-- THE INPUT follows --

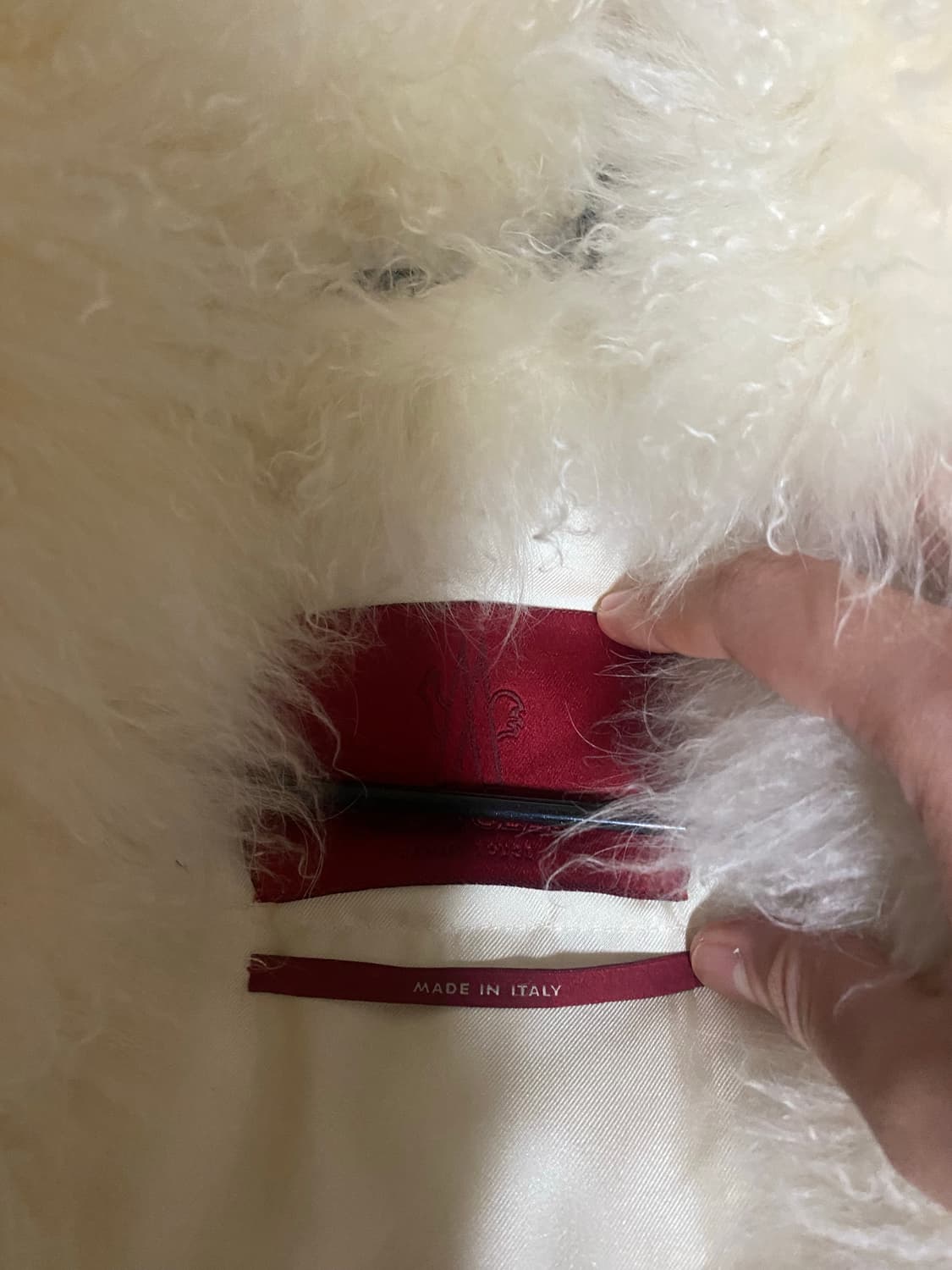 몽클레어 컬렉션 코트패딩 상품이미지3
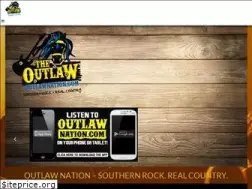 Sites similar to outlawnation.com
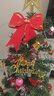 TaTanice 1.5米圣诞树 中小型圣诞装饰摆件圣诞节氛围装饰品布置用品 实拍图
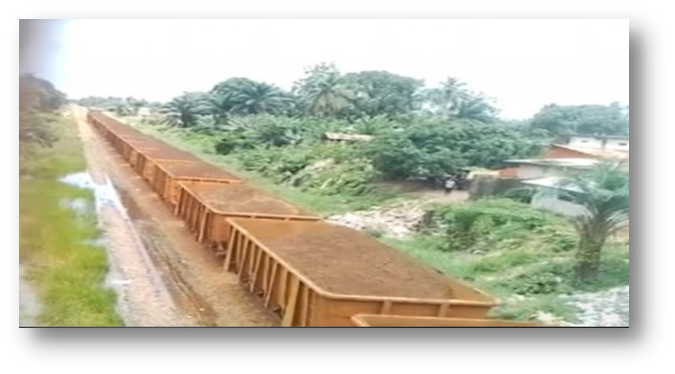 Sustainable Management of Liberia’s Mineral Deposits: A Policy Brief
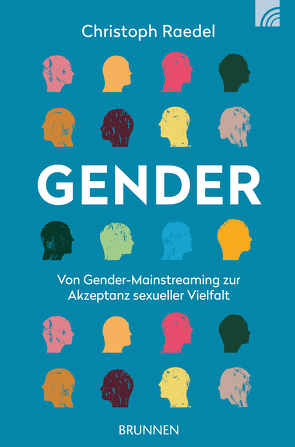 Gender von Bielefeldt,  Frauke, Raedel,  Christoph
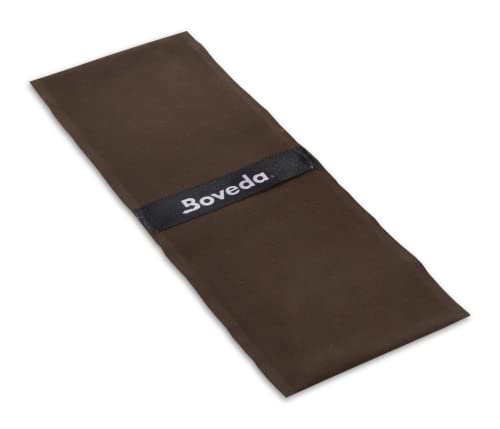 Boveda Double-Sleeve Fabric Holder for 49% RH | 2-Way Humidity Control for Large Instruments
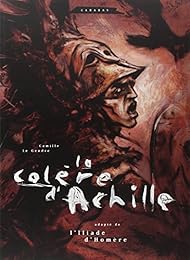 La  colère d'Achille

-- THE INPUT concluded --

→ **TASK TO COMPLETE**: Without any pictures, retype the records above exactly.

→ **RESULT OF THIS EXERCISE**:
 몽클레어 컬렉션 코트패딩 상품이미지3
 Sites similar to outlawnation.com
 TaTanice 1.5米圣诞树 中小型圣诞装饰摆件圣诞节氛围装饰品布置用品 实拍图
 Sustainable Management of Liberia’s Mineral Deposits: A Policy Brief
 Gender von Bielefeldt,  Frauke, Raedel,  Christoph
 Boveda Double-Sleeve Fabric Holder for 49% RH | 2-Way Humidity Control for Large Instruments
 La  colère d'Achille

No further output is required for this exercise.